Good evening ladies and gentlemen, competitors. Good evening Mayor Gary.
I am Pat White, judge of the inaugural Wai Art Portrait Awards. There are 121 entries that have been submitted from as far a field as Whangareri Heads in Northland, to Dunedin in the South. There is an obvious desire for this sort of competition. The judgment required this evening is for one winner – by definition that does not mean one best portrait, a different judge would have a different winner. It is very important to make this point, as Wai Art have hung no unworthy entries, and there is always the next portrait exhibition, with another judge.
The paintings are of a high standard overall, and there could have been a different shortlist. On Thursday afternoon I selected a shortlist of ten finalists, and slept on my choice. I came back this morning and modified the list, slightly.
Others missed the cut that would have been in on another day. That short list committed me from there. Today I have revisited the exhibition to make the final call.
Paintings I have selected have the following attributes in some measure -
- Technical excellence, they use paint well, show compositional flare, visual focus and colour awareness.
- They show style - a personal touch or response to the subject by the artist, that in the end transcend the desire to obtain a pictorial likeness.

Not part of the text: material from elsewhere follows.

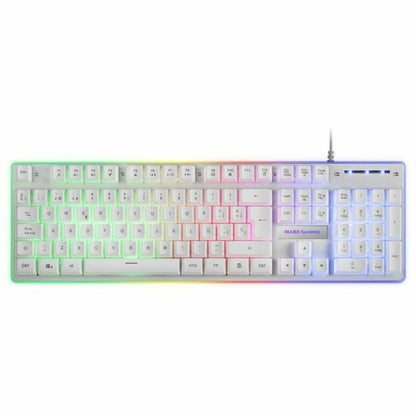 Pack Gaming Mars Gaming MCPXWES Blanc Espagnol Qwerty QWERTY LED RGB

- I relate to the painting - because of the subject, the way it is painted, because something in it makes me stop for another look. I want the humanity of the subject to be there - good, bad, or indifferent. A good portrait has character, not caricature - a personality is multifaceted, and has responded to life.
Some paintings were excluded, even though aspects of the work was good, because I felt they may have been painted as copies of photographs, instead of works of art that have been finished with the source photos put to one side. That is where foreshortening of limbs and faulty perspectives enter work that is supposed to be representational. Some paintings have very carefully painted subjects and then the background has received a less studied treatment - the entire picture surface has to be given an equal reason for being there.
In the end I chose the one painting, as I was asked. An enigmatic work that makes me think, what is going on here? It has plenty to offer a second glance. I have to think about this work, it means more than meets the eye first time up.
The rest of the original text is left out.